The Dumbest Model in the Room

Lesson 2’s memorizer scored 70% test accuracy — respectable-sounding, until you noticed always-guessing-the-majority-class scored the same 70%. That’s the pattern this lesson makes general: before crediting any model with “learning” something, you have to know what a model that learned nothing would score. That’s a baseline.

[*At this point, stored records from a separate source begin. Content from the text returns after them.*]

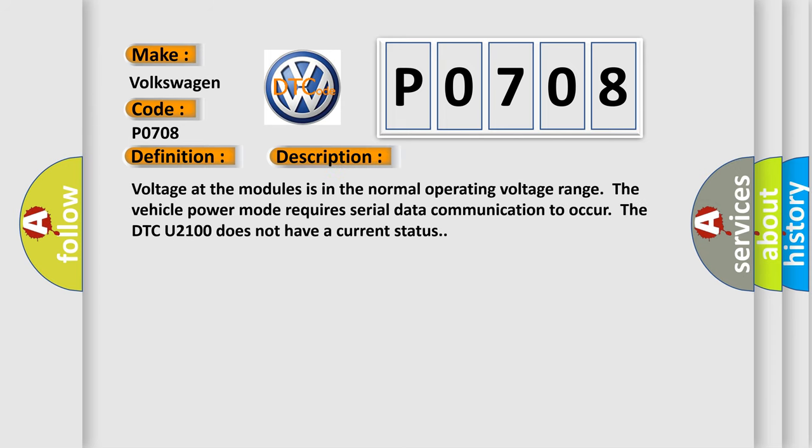Voltage at the modules is in the normal operating voltage range. The vehicle power mode requires serial data communication to occur. The DTC U2100 does not have a current status.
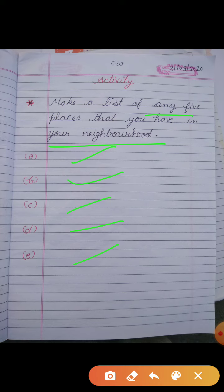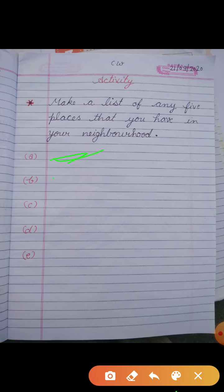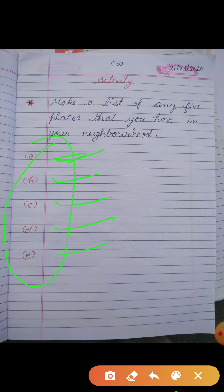Now you have to notice what you have in your neighborhood, then write the names of these places. I have written A, B, C, D, and E — you have to write from line A. Remember that your writing must be neat and clean. Don't write messily, and leave a line after writing each place name.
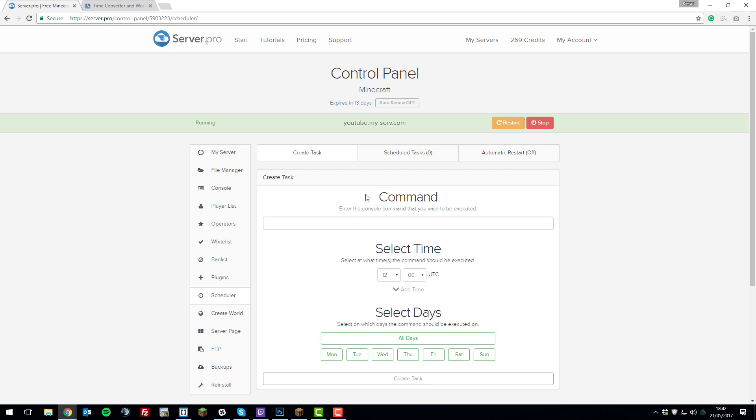Basically all you need to do is enter a command that works in the console or in-game, such as 'say' and then enter the message. For example, 'how is everyone doing?' Again, this could be anything you want—it could be changing the time, changing the weather, or a command from any plugin that you want.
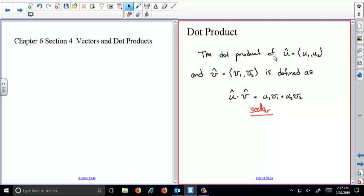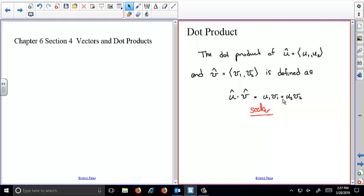Here's the definition of a dot product. We have a vector u with components u1 and u2 in the x and y directions, and a vector v with components in the x and y directions. The dot product is computed by multiplying the x components and adding that to the product of the y components: u1 times v1 plus u2 times v2. That gives you a number — a scalar — because u and v are vectors with magnitude and direction, but the dot product is a scalar.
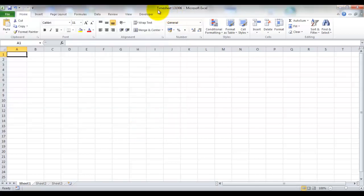Now you can see that it's been named timesheet 13-10-06 and we know exactly where it's being saved.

Baselines aren’t one thing — pick the one that matches the task:

Majority class (lesson 2’s baseline): for classification, always guess the most common label. Beats it by exposing base-rate accuracy for what it is.
Predict the mean: for regression, always guess the training average, ignoring every feature. If a model with features can’t beat “just guess the average,” the features are buying nothing.
“Predict yesterday” (a persistence baseline): for a time series, guess that tomorrow equals today. Absurdly simple, and shockingly hard to beat for slow-moving series like temperature or many financial series — a huge fraction of published forecasting “improvements” quietly lose to this when checked honestly.

Take the predict-the-mean baseline for a regression problem with five training targets: 2, 4, 4, 4, 6.

The baseline always predicts the mean of these values, for every input, ignoring all features. Mean-squared error (MSE) is the average of (actual − predicted)² across the examples.

Compute the baseline’s MSE on these five training values.